Dans un banquet commémoratif de la révolution de Février, un toast a été porté au
dieu Pan, oui, au dieu Pan, par un de ces jeunes gens qu’on peut qualifier d’instruits
et d’intelligents.
— Mais, lui disais-je, qu’est-ce que le dieu Pan a de commun avec la révolution ?
— Comment donc ? répondait-il ; mais c’est le dieu Pan qui fait la révolution. Il est
la révolution.
— D’ailleurs, n’est-il pas mort depuis longtemps ? Je croyais qu’on avait entendu
planer une grande voix au dessus de la Méditerranée, et que cette voix
mystérieuse, qui roulait depuis les colonnes d’Hercule jusqu’aux rivages asiatiques,
avait dit au vieux monde : Le dieu Pan est mort !
— C’est un bruit qu’on fait courir. Ce sont de mauvaises langues ; mais il n’en est
rien. Non, le dieu Pan n’est pas mort ! le dieu Pan vit encore, reprit-il en levant les
yeux au ciel avec un attendrissement fort bizarre… Il va revenir.

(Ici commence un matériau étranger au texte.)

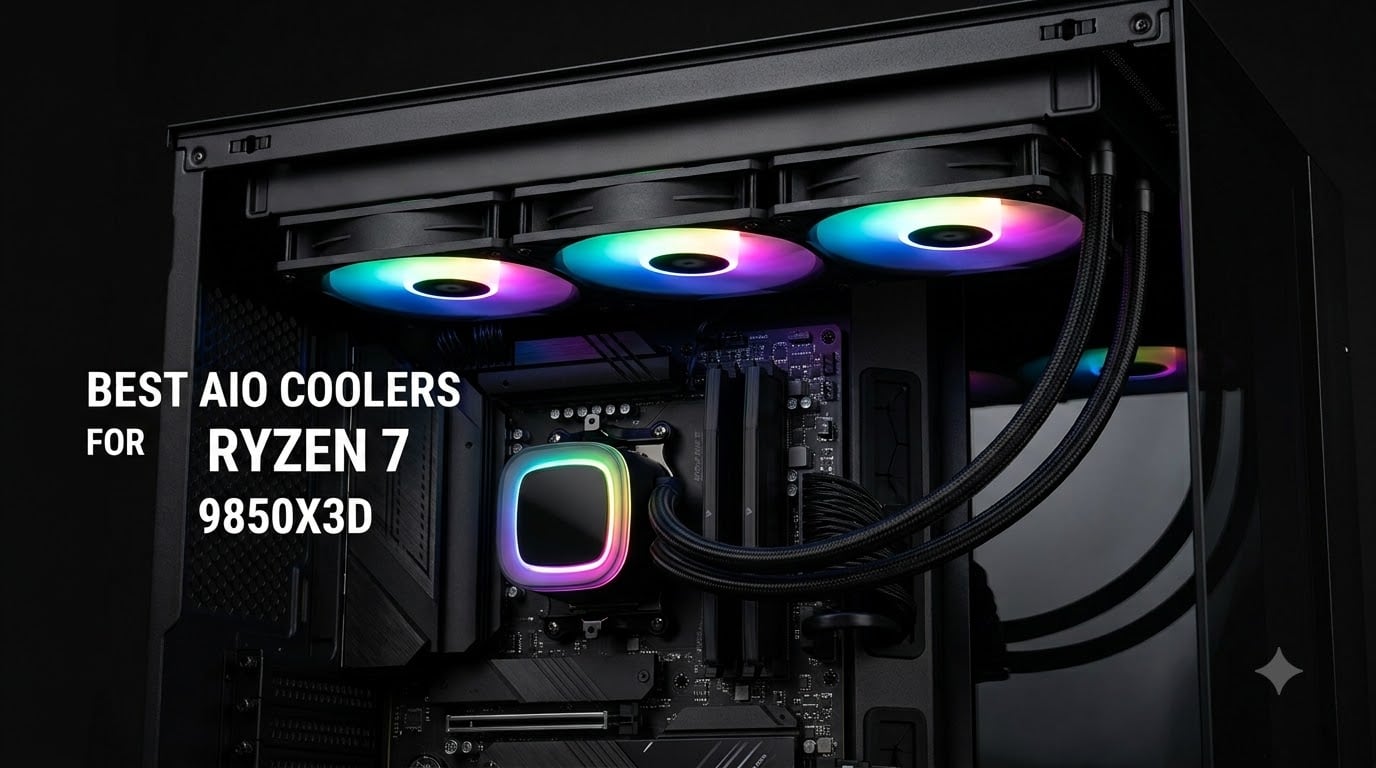 best aio coolers for ryzen 7 9850x3d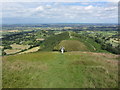 SJ3013 : Nearing the top of Middletown Hill with view northeast across Shropshire by Colin Park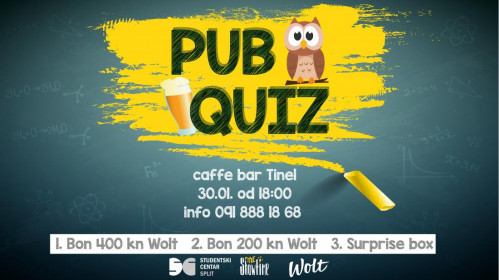 Pub Quiz općeg znanja u Tinelu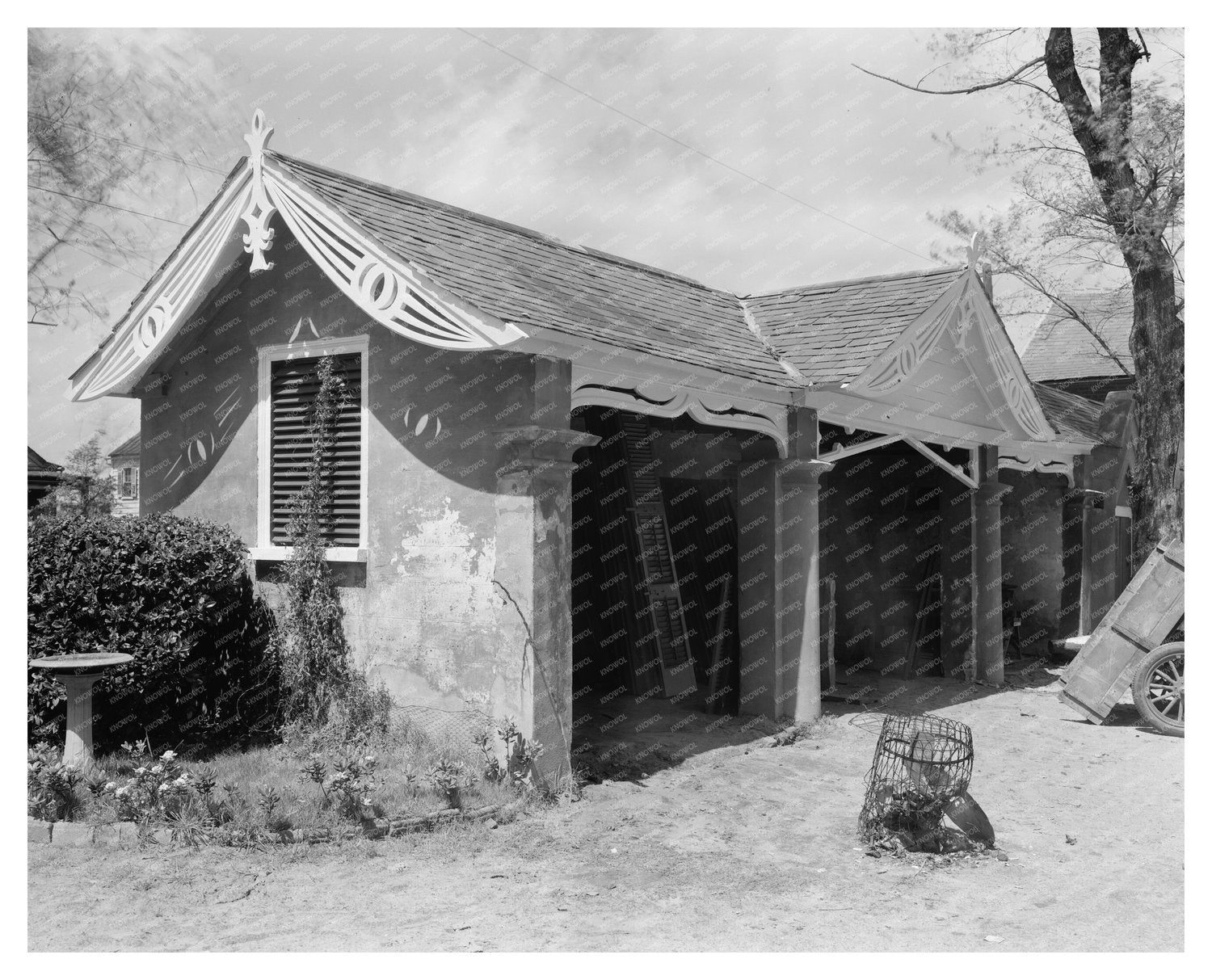 Dr. Josiah Smith House, Charleston SC, Historic Photo 1815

Il parlait du dieu Pan comme du prisonnier de Sainte-Hélène.
— Eh quoi, lui dis-je, seriez-vous donc païen ?
— Mais oui, sans doute ; ignorez-vous donc que le Paganisme bien compris, bien
entendu, peut seul sauver le monde ? Il faut revenir aux vraies doctrines, obscurcies
un instant par l’infâme Galiléen. D’ailleurs, Junon m’a jeté un regard ...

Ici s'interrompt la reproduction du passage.